1st: August 2013

Download Java from oracle site

Install it.

It will typicaly install to
/usr/java/

Now use alternatives to point java to the oracle jdk based java
alternatives --install /usr/bin/java java /usr/java/jdk1.6.0_45/bin/java 1600

Update the user's ~/.bash_profile to point
export JAVA_HOME=/usr/java/jdk1.6.0_45/bin/java

Do this in all the nodes where hadoop runs

Add cloudera Repo

sudo yum --nogpgcheck localinstall cloudera-cdh-4-0.x86_64.rpm

Install Jobtracker

sudo yum install hadoop-0.20-mapreduce-jobtrackercker

This install the following files to following dirs

logs -  /var/log/hadoop-0.20-mapreduce/

libs - /usr/lib/hadoop/ , /usr/lib/hadoop-0.20-mapreduce/

service daemon -  /etc/rc.d/init.d/hadoop-0.20-mapreduce-jobtracker

configs - /etc/hadoop , /etc/default/hadoop

Install Namenode

sudo yum install hadoop-hdfs-namenode

service daemon /etc/rc.d/init.d/hadoop-hdfs-namenode

script - /usr/lib/hadoop-hdfs/sbin/refresh-namenodes.sh

Install secondaryNamenode
Idealy should be in a machine different from the master.

In slave nodes install :
sudo yum install hadoop-0.20-mapreduce-tasktracker hadoop-hdfs-datanode

daemon service - /etc/rc.d/init.d/hadoop-0.20-mapreduce-tasktracker
library - /usr/lib/hadoop-hdfs/ /usr/lib/hadoop-0.20-mapreduce/ /usr/lib/hadoop-0.20-mapreduce/contrib/

others:
/usr/lib/hadoop-0.20-mapreduce/bin/hadoop-config.sh
/usr/lib/hadoop-0.20-mapreduce/bin/hadoop-daemons.sh
/usr/lib/hadoop-0.20-mapreduce/bin/hadoop
/usr/lib/hadoop-0.20-mapreduce/bin/hadoop-daemon.sh

After this follow the instructions in
http://www.cloudera.com/content/cloudera-content/cloudera-docs/CDH4/4.2.0/CDH4-Installation-Guide/cdh4ig_topic_4_4.html#../CDH4-Installation-Guide/cdh4ig_topic_11_2.html?scroll=topic_11_2_2_unique_1

line by line and do the things.

1-st configure HDFS in the system and configure the jobracker/tasktracker daemons

some point to note is the the name node directories and data node directories need to be set permission for hdfs:hdfs and the mapred local directory should be set permission for mapred:hadoop .
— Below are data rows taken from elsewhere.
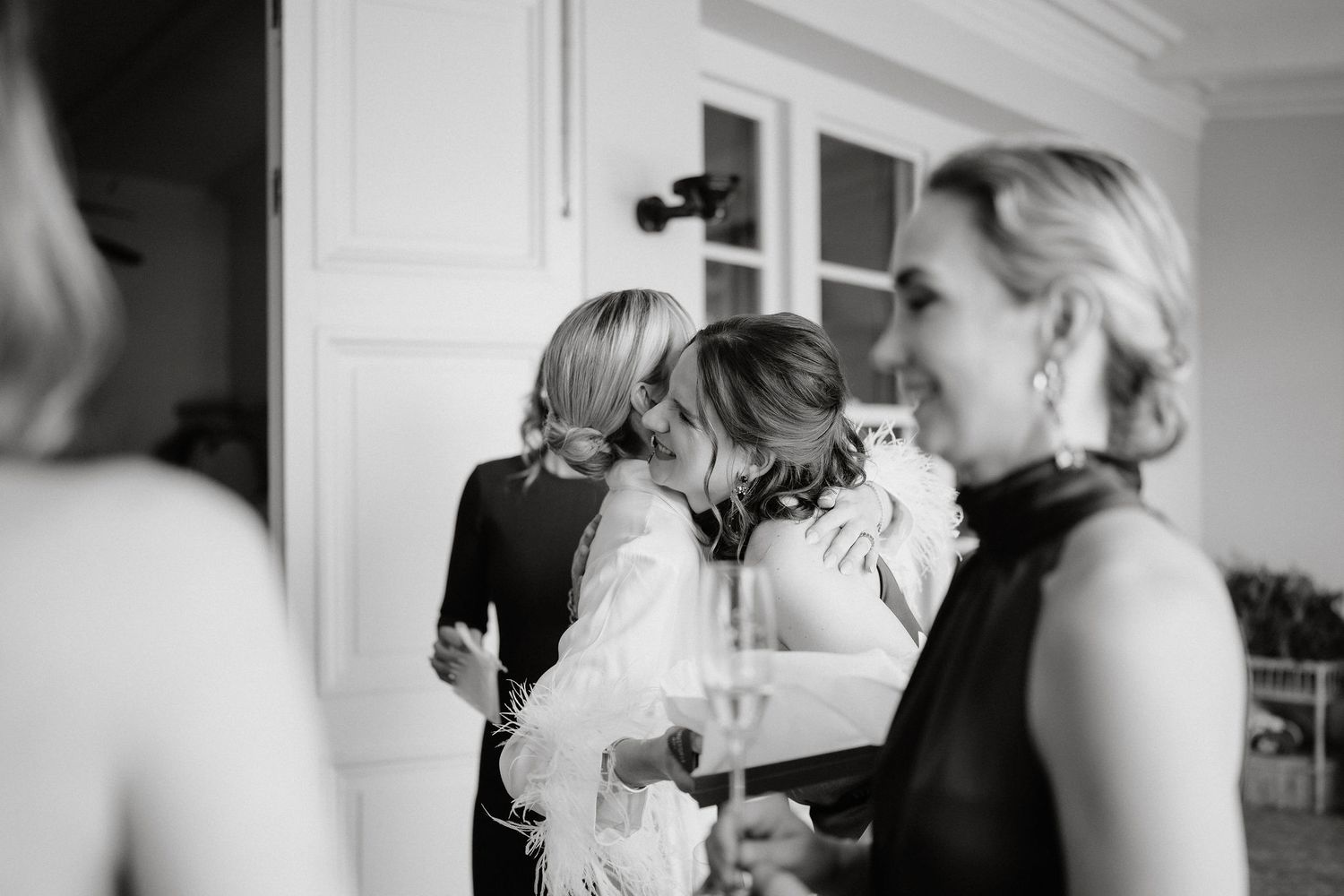 A series of black and white wedding photos showing intimate moments between people during a celebration.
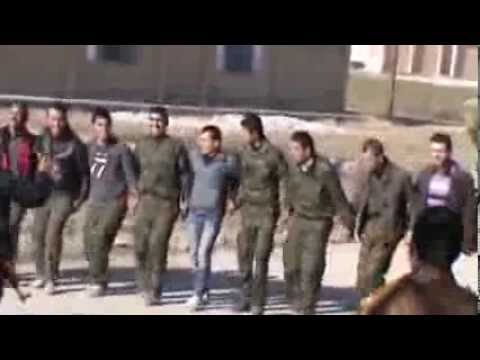 YPG and YPJ fighters dance after victory in Tal Maruf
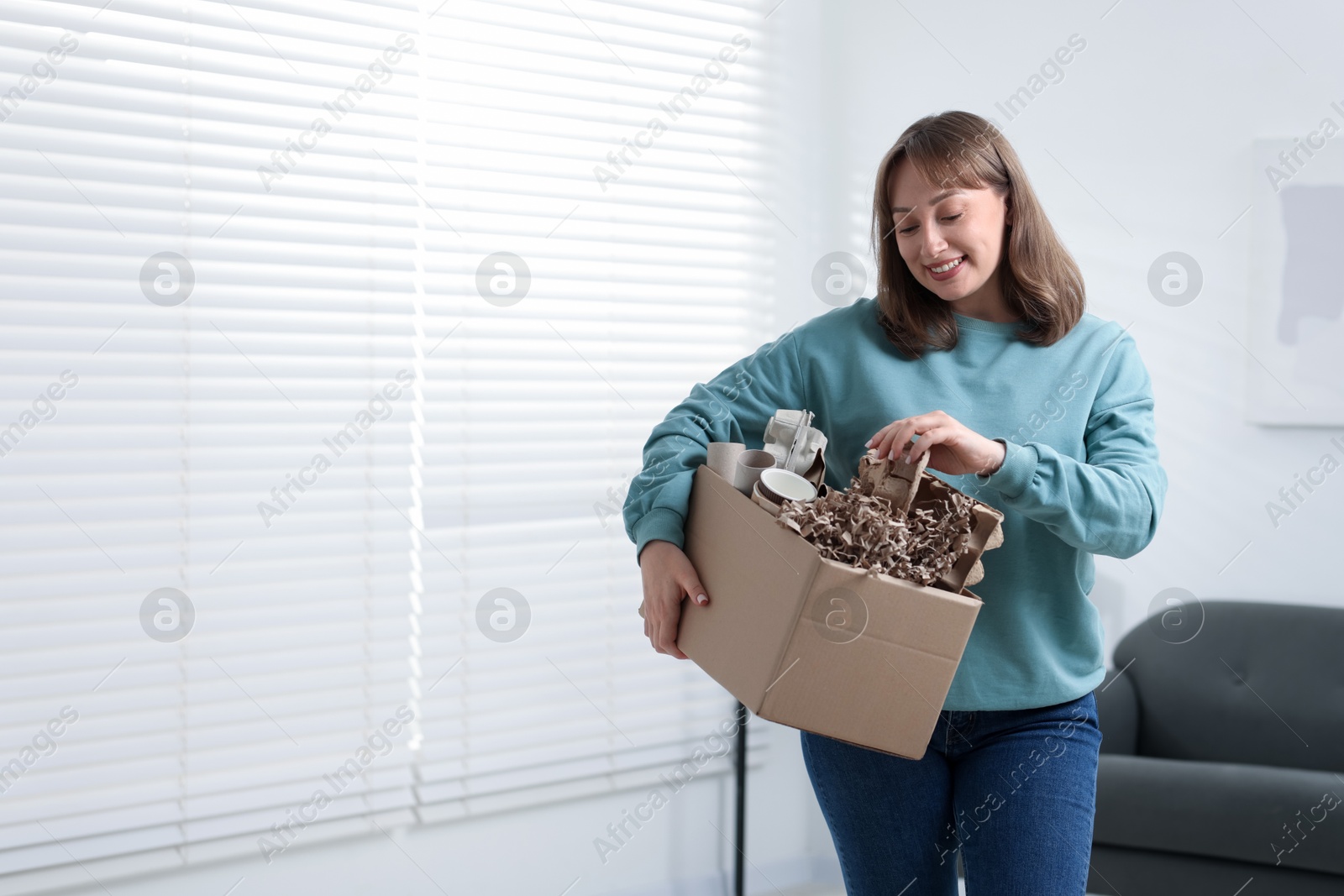 Photo of Recycling. Smiling woman holding cardboard box with different waste paper indoors. Space for text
When configuring the directories for the namenodes and datanodes there are few points to be taken care of :

Namenode directories store the metadata and edit logs
And the Datanode directories store the block-pools

You can also mention multiple entries for the namenodes metadata directory.
the 2nd one can idealy be a high performance NFS so that if the local disk fails then it can depend on the NFS drive.

You can configure mutliple volumes for the datanode like

 dfs.datanode.data.dir
 /data/1/dfs/dn,/data/2/dfs/dn,/data/3/dfs/dn

So if /data/1/dfs/dn fails then it trys the next volume.
You can also mention the toleration for the failed nodesby setting the
parameter in the hdfs-site.xml
dfs.datanode.failed.volumes.tolerated .
Which means that hadoop will only return an error if the above mentioned number of volumes fail. Hence in abv example we can mention 3. So that it return an error if and only if it fails to write in all of -

/data/1/dfs/dn,/data/2/dfs/dn,/data/3/dfs/

If multiple volumes are not configured thenthis volume tolerated whoulc be idealy 0 and shouldnt be set.

scp the configuration to various host nodes.
sudo scp -r /etc/hadoop/conf.test_cluster/* testuser@test.com:/etc/hadoop/conf.test_cluster/

Starting all service in cloudera

First time you suse the hadoop format the hdfs . The command is

sudo -u hdfs hadoop namenode -format

We format the user as hdfs user which is important.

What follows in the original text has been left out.